Task description >>
An exact copy of every record, with no pictures, please.

[Stored data]
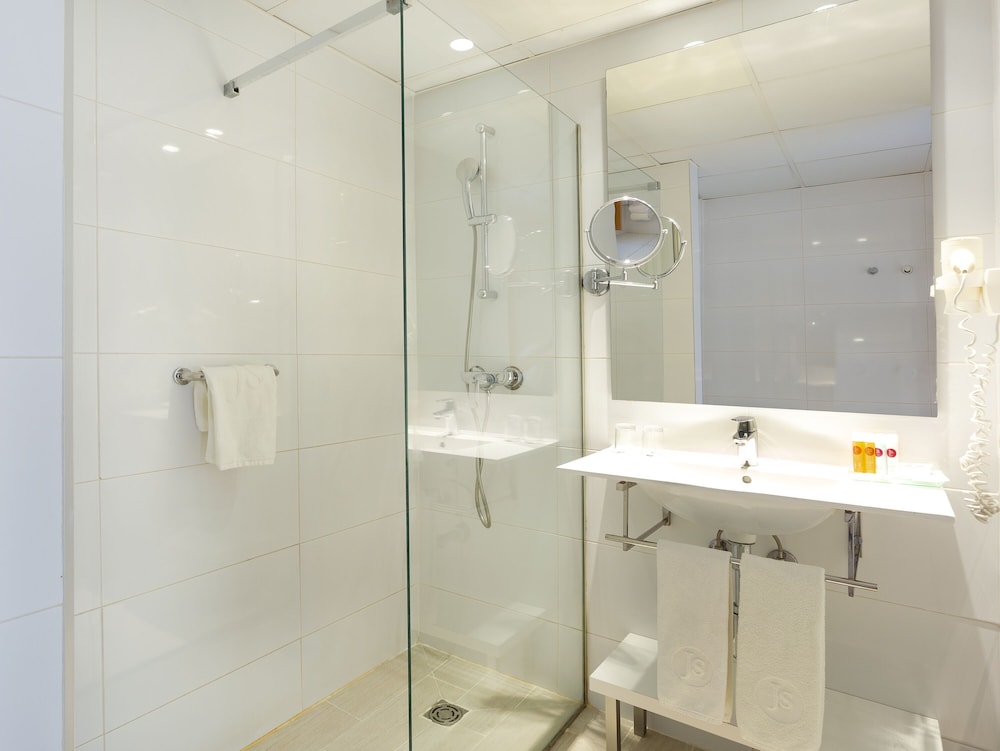 Standard Double Room, Balcony - Photo 8
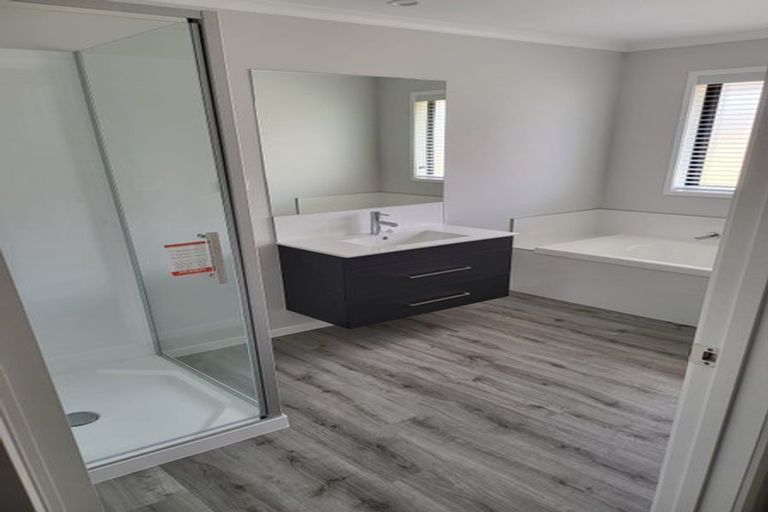 Photo of property in 13 Tarata Place, Owhata, Rotorua, 3010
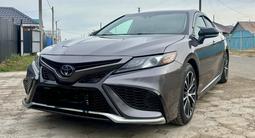 Toyota Camry 2018 года за 10 000 000 тг. в Уральск – фото 3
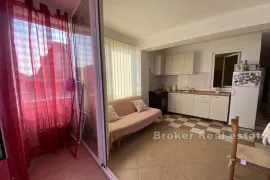 Apartmanska kuća prvi red do mora, Preko, Дом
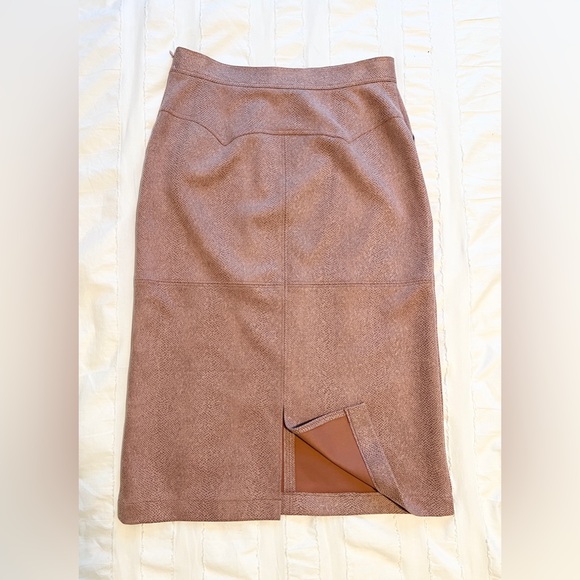 Anthropologie Current Air Clarisa Pencil Skirt
Subtle Pink Snake Print, size 10 - Picture 6 of 9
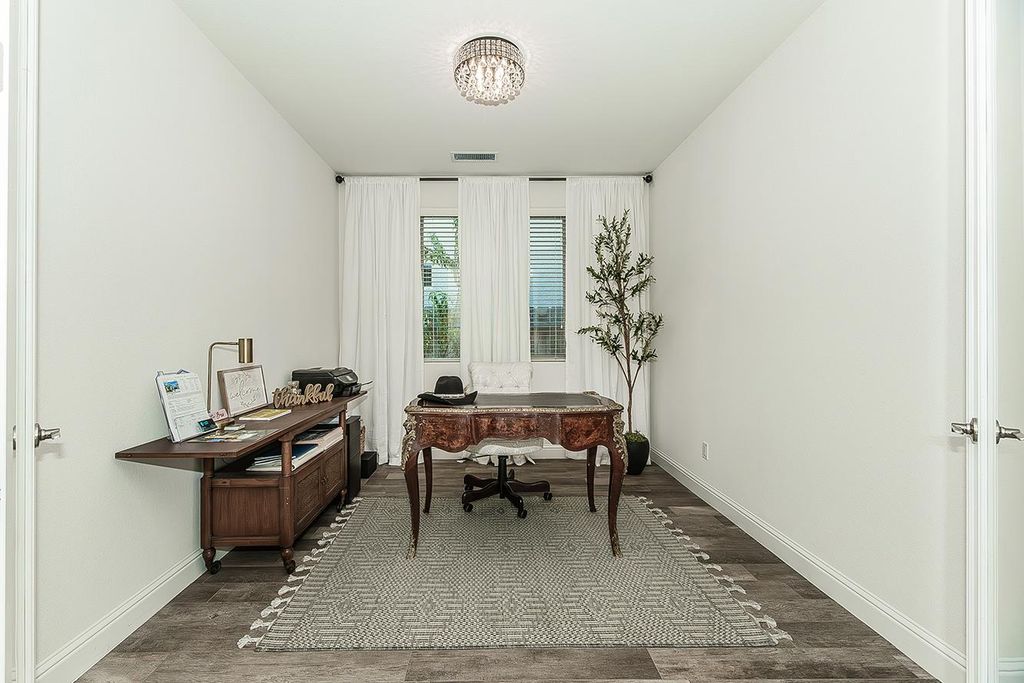 Image 17 of property listing at 1363 E Via Prato Drive, Fresno, CA 93730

Answer box >>
 Standard Double Room, Balcony - Photo 8
 Photo of property in 13 Tarata Place, Owhata, Rotorua, 3010
 Toyota Camry 2018 года за 10 000 000 тг. в Уральск – фото 3
 Apartmanska kuća prvi red do mora, Preko, Дом
 Anthropologie Current Air Clarisa Pencil Skirt
Subtle Pink Snake Print, size 10 - Picture 6 of 9
 Image 17 of property listing at 1363 E Via Prato Drive, Fresno, CA 93730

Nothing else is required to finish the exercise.